Automating simulation processes to streamline automotive design workflows

DENSO uses the Simcenter 3D and NX integrated process to reduce component simulation time by 80 percent

Automating simulation processes to streamline automotive design workflows


DENSO Corporation is a global automotive components manufacturer. The company is the world’s second largest parts and systems provider in terms of sales. In 2022 it had $45.1 billion in consolidated nets sales. The company’s core technologies are electrification, connected driving, advanced safety and automated driving and factory automation/agricultural technology.
Kariya, Aichi, Japan
NX, Simcenter 3D Software, Simcenter Products, Teamcenter
Industry Sector:
Automotive & transportation


By using the NX CAD and Simcenter 3D integrated process and CAE template, we reduced the time spent for CAE analysis by up to 80 percent.
Yuichi Kondo, Project Assistant Manager

Automotive industry seeks innovation

It has been generations since a large automotive manufacturer built every part in-house. Today hundreds of companies around the globe contribute to production, no matter the home country of the original equipment manufacturer (OEM). Over the years, each of these companies found their own path to engineering automation.

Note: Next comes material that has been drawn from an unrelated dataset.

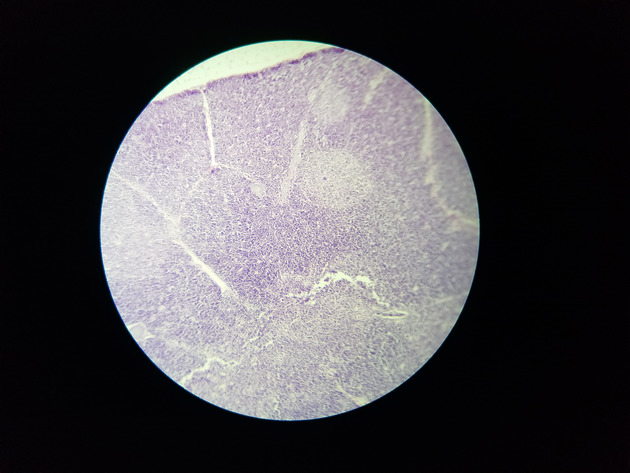 Thymus Slides - Thymus 006 100X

DENSO Corporation (DENSO), the second largest automotive parts and systems provider in terms of sales in the world, is no exception. Founded in 1949 as a Toyota group company, it has become an independent auto parts supplier to nearly all leading OEMs. It also works in other markets, including household heating equipment and industrial robots. It is a member of the Fortune Global 500 and has more than 200 consolidated subsidiaries around the globe. It is a trusted supply chain partner for many of the world’s largest automobile brands. DENSO also works closely with its automotive partners in research and development (R&D) for electric and hybrid vehicles.


CAD Geometry with color-coding.

The simulation bottleneck

A major challenge today is to improve productivity in the design and simulation of automotive parts. Even before the rise of software solutions, designers focused on geometry and turned to analysts to test and validate performance. However, simulation teams have always been much smaller than design teams – creating a bottleneck in the development process.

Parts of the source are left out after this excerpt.